This action was brought to remove a cloud from title of real estate. Judgment of the special term was for defendant, and plaintiff appeals therefrom. It has been pretty well settled by our court of last resort that, notwithstanding a judgment debtor has made a prior, fraudulent conveyance of his real estate, the judgment creditor may sell upon his execution such real estate, and “the purchaser thereat will have the right, and will take the risk, of impeaching such conveyance.” Bank v. Risley, 19 N. Y. 369; Erickson v. Quinn, 15 Abb. Pr. (N. S.) 168; Bergen v. Carman, 79 N. Y. 153; Bank v. Farthing, 101 N. Y. 344, 4 N. E. Rep. 734; Duell v. Alvord, 41 Hun, 199.
The plaintiff in this action represents the interest derived from the purchaser at an execution sale of premises alleged to have been fraudulently conveyed by the judgment debtor prior thereto. Defendant represents an undivided one-third of the interest in the premises derived from Carrie Taylor, now Carrie Lowitz, one of the devisees of the grantee in such conveyance. This being so, then the purchaser under the execution sale in the judgment of the Nassau Bank against Taylor acquired, provided the execution was legally issued, such a title to or interest in the premises sold as would give him the right to impeach, at law or in equity, the prior conveyance of the judgment debtor, on the ground that it was fraudulent as against the judgment creditor. (See authorities above cited.) Was this execution illegally issued? The appellant’s counsel, to sustain his contention that it was, calls our attention to a single ground, viz., that it was issued prematurely under section 1380, Code Civil Proc. But he must have overlooked that the three years’ restriction therein has no application to cases where the judgment debtor died, as in this case, prior to July 10, 1879. See section 2, c. 542, Laws N. Y. 1879. The facts of this case will not uphold the defense that defendant was a bona fide purchaser without notice.
The plaintiff was in possession at the time of defendant’s purchase of his interest, and such possession was notice of plaintiff’s claim of title and interest. Phelan v. Brady, 119 N. Y. 588, 23 N. E. Rep. 1109. The judgment in the case of the Nassau Bank v. Cleland, Carrie Taylor, and others, declaring this deed of the judgment debtor void for fraud, is not binding upon Carrie Taylor or the defendant, who now owns her interest. Carrie Taylor, at the time that action was brought and judgment was granted therein, was an ■infant. She was never served with the summons in that -action, and never made any application to appear therein by guardian or otherwise. Code Civil Proc §8 426, 453.

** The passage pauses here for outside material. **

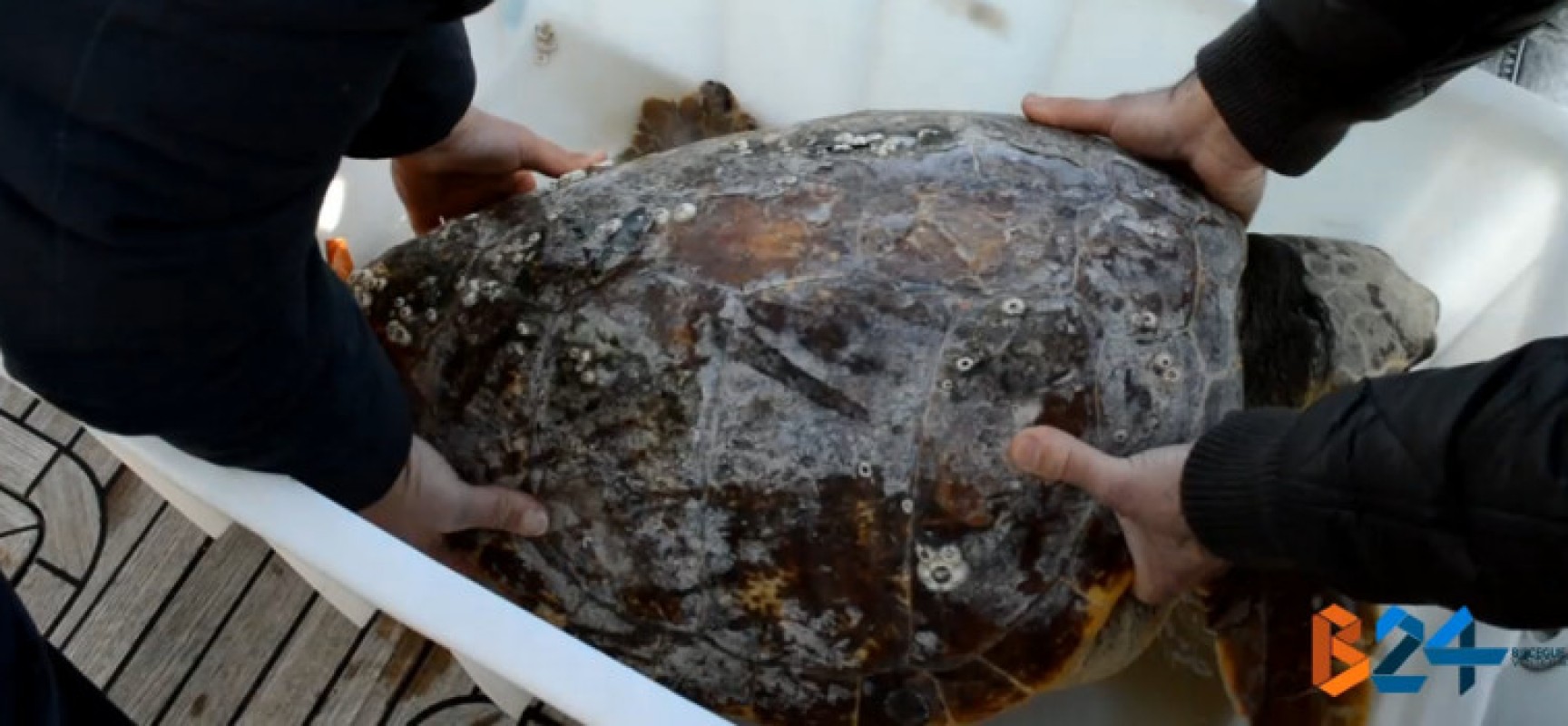 Centro di recupero Wwf, liberate sei tartarughe marine catturate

*741The contention of plaintiff that this judgment was binding upon Carrie Taylor is not helped by the circumstance that one Cameron was served with the summons, and that he had been appointed guardian ad litem of Carrie Taylor on the application of the plaintiff in that action. She was not shown on such application to be a resident of this state, who was temporarily absent therefrom. Code Civil Proc. § 473. Did the pleadings in this case raise the issue that this conveyance of the judgment debtor was fraudulent, and, if so, did the evidence justify the finding that it was not fraudulent? The complaint sets forth that the judgment debtor was indebted on notes at the time of this voluntary conveyance without consideration, which notes fell due shortly after the date of conveyance, and were put in action soon thereafter, which resulted in judgment against defendant, though defended, and executions issued thereon were returned wholly unsatisfied. The complaint further set forth that the conveyance was void for fraud against creditors. The trial ■court found these allegations to be true, except that the conveyance was fraudulent; It does seem to us the facts so alleged and proved raised the presumption of fraud, and made out a prima facie case calling upon the defendant to contradict or explain away the inevitable inferences that such circumstances suggest. Dunlap v. Hawkins, 59 N. Y. 342, and see 346 and 347; Cole v. Tyler, 65 N. Y. 78; Seward v. Jackson, 8 Cow. 406; Carpenter v. Doe, 10 N. Y. 227; Erickson v. Quinn, 47 N. Y. 410.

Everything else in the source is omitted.